In § 100.60, entitled “Unlawful refusal to sell or rent or to negotiate for the sale or rental,” the proposed rule would add the following paragraphs as illustrations of prohibited quid pro quo and hostile environment harassment under the Fair Housing Act: Conditioning the availability of a dwelling, including the price, qualification criteria, or standards or procedures for securing a dwelling, on a person's response to harassment because of race, color, religion, sex, familial status, national origin, or disability; subjecting a person to harassment because of race, color, religion, sex, familial status, national origin, or disability that causes the person to vacate a dwelling or abandon efforts to secure the dwelling. Conditioning the “availability” of a dwelling means the initial or continued availability of a dwelling, or both.
In § 100.65, entitled “Discrimination in terms, conditions, and privileges and in services and facilities,” the proposed rule would add the following paragraph as an illustration of prohibited quid pro quo and hostile environment harassment under the Fair Housing Act: Conditioning the terms, conditions, or privileges relating to the sale or rental of a dwelling or denying or limiting the services or facilities in connection with a dwelling on a person's response to harassment because of race, color, religion, sex, familial status, national origin, or disability; subjecting a person to harassment because of race, color, religion, sex, disability, familial status, or national origin that has the effect of imposing different terms, conditions, or privileges relating to the sale or rental of a dwelling or denying or limiting service or facilities in connection with the sale or rental of a dwelling.
DIRECT LIABILITY: Proposed paragraph (a) of § 100.7 identifies direct liability under the Act. New § 100.7(a)(1)(i) proposes that a person is liable for his or her own discriminatory housing practices. New §§ 100.7(a)(1)(ii) and (a)(1)(iii) describe direct liability grounded in negligence. New § 100.7(a)(1)(ii) proposes that a person is directly liable for failing to take prompt action to correct and end a discriminatory housing practice by that person's employee or agent where the person knew or should have known of the discriminatory conduct. New § 100.7(a)(1)(iii) proposes that a person is directly liable for failing to fulfill a duty to take prompt action to correct and end a discriminatory housing practice by a third-party (i.e., a non-agent) when the person knew or should have known of the discriminatory conduct. New § 100.7(a)(1)(iii) also proposes that a housing provider's duty to take prompt action to correct and end a discriminatory housing practice by a third-party can derive from an obligation to the aggrieved person created by contract or lease (including bylaws or other rules of a homeowners association, condominium or cooperative), or by federal, state or local law.
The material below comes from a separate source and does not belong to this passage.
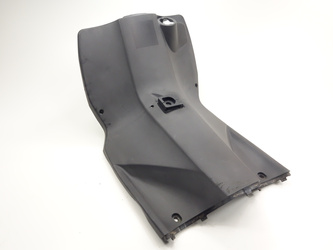 Peugeot Kisbee 50 4t 18- Cockpit plastic above the knees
With respect to a person's direct liability for the actions of an agent, § 100.7(a)(1)(ii) recognizes that a principal who knows or should have known that his or her agent has engaged in or is engaging in unlawful conduct and allows it to continue is complicit in or has ratified the discrimination. With respect to direct liability for the conduct of a non-agent, § 100.7(a)(1)(iii) codifies the traditional principle of liability, and HUD's longstanding position, that a person is directly liable under the Act for harassment perpetrated by non-agents if the person knew or should have known of the harassment, had a duty to take prompt action to correct and end the harassment, and failed to do so or took action that he or she knew or should have known would be unsuccessful in ending the harassment. This liability arises when, for example, a person, including a management company, homeowner's association, condominium association, or cooperative, knew or should have known that a resident was harassing another resident, and yet did not take prompt action to correct and end it, while having a duty to do so. As recognized by § 100.7(a)(1)(iii), this duty may be created, for example, by a lease or other contract under which a housing provider is legally obligated to exercise reasonable care to protect residents' safety and curtail unlawful conduct in areas under the housing provider's control, or by federal, state or local laws requiring the same.
When harassment occurs in and around the home, the victim or survivor has little opportunity to escape it short of moving or staying away from the home—neither of which should be required.